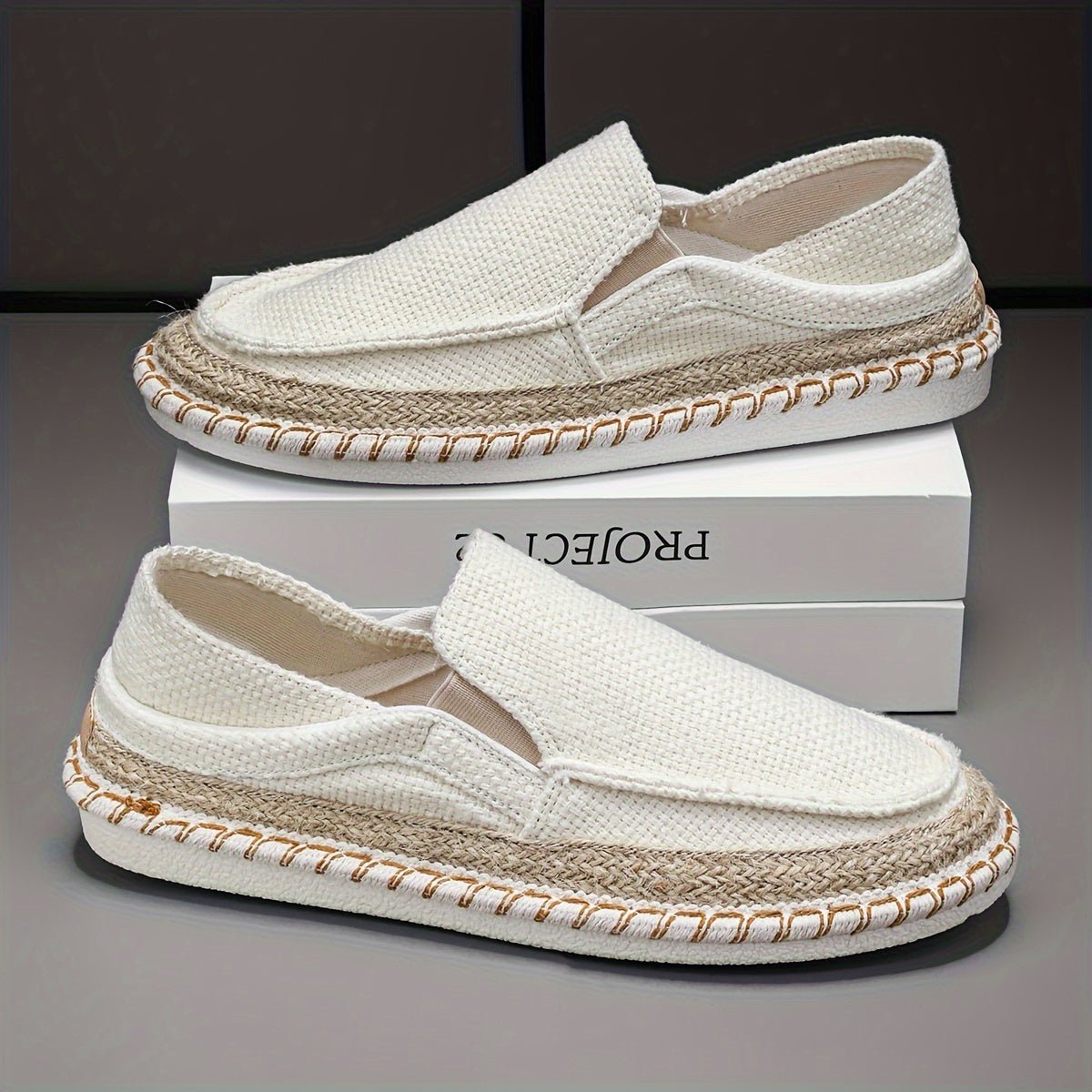 Matias Luxe Shoes - Soliqlo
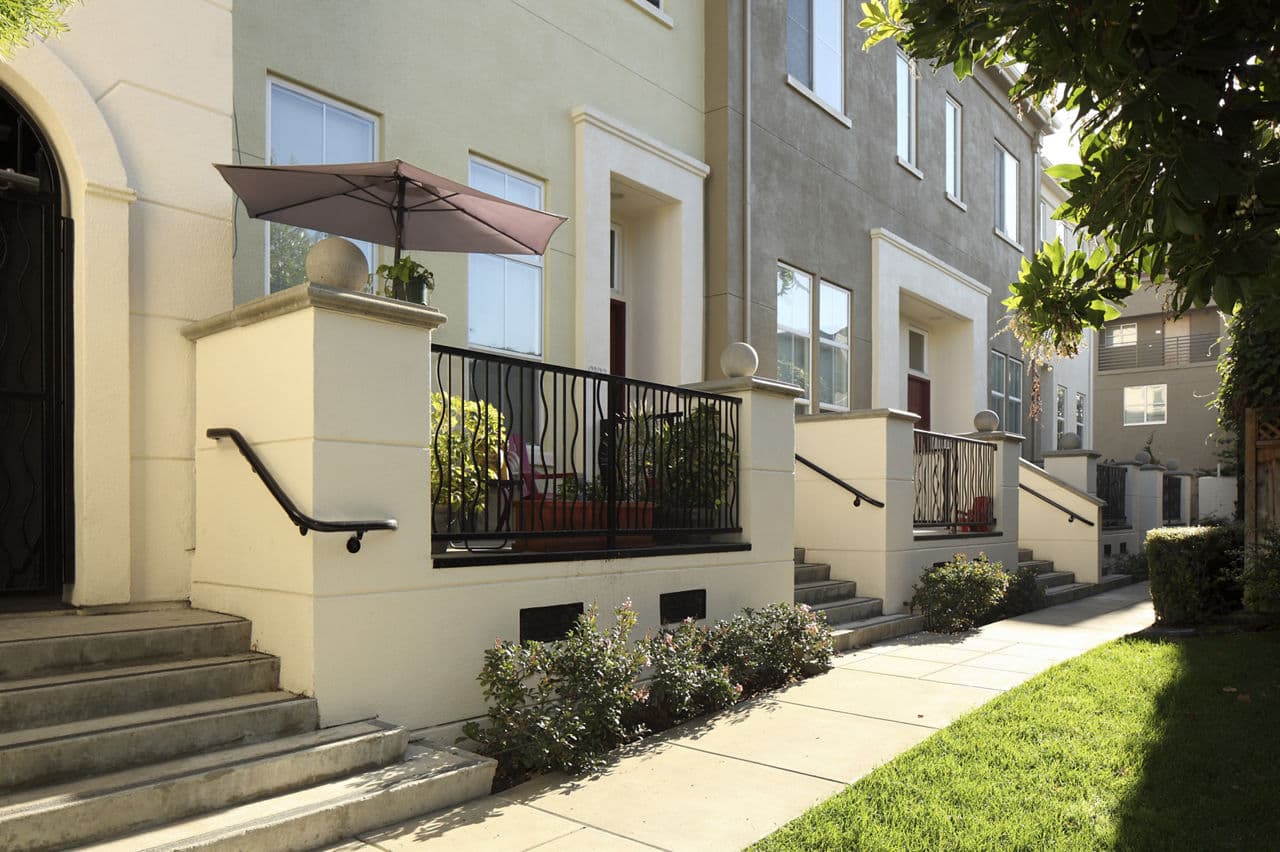 Museum Park Apartments San Jose Ca 10 of 25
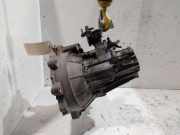 Getriebe Manuell ABS 0CF300044G Volkswagen Up! (121) Schrägheck 1.0 12V 60 (CHYE) 2017-04 CHYE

TASK TO CARRY OUT ▸ Each line of the material needs to be given again exactly, without any of its pictures.

WRITTEN SOLUTION ▸
 Matias Luxe Shoes - Soliqlo
 Museum Park Apartments San Jose Ca 10 of 25
 Getriebe Manuell ABS 0CF300044G Volkswagen Up! (121) Schrägheck 1.0 12V 60 (CHYE) 2017-04 CHYE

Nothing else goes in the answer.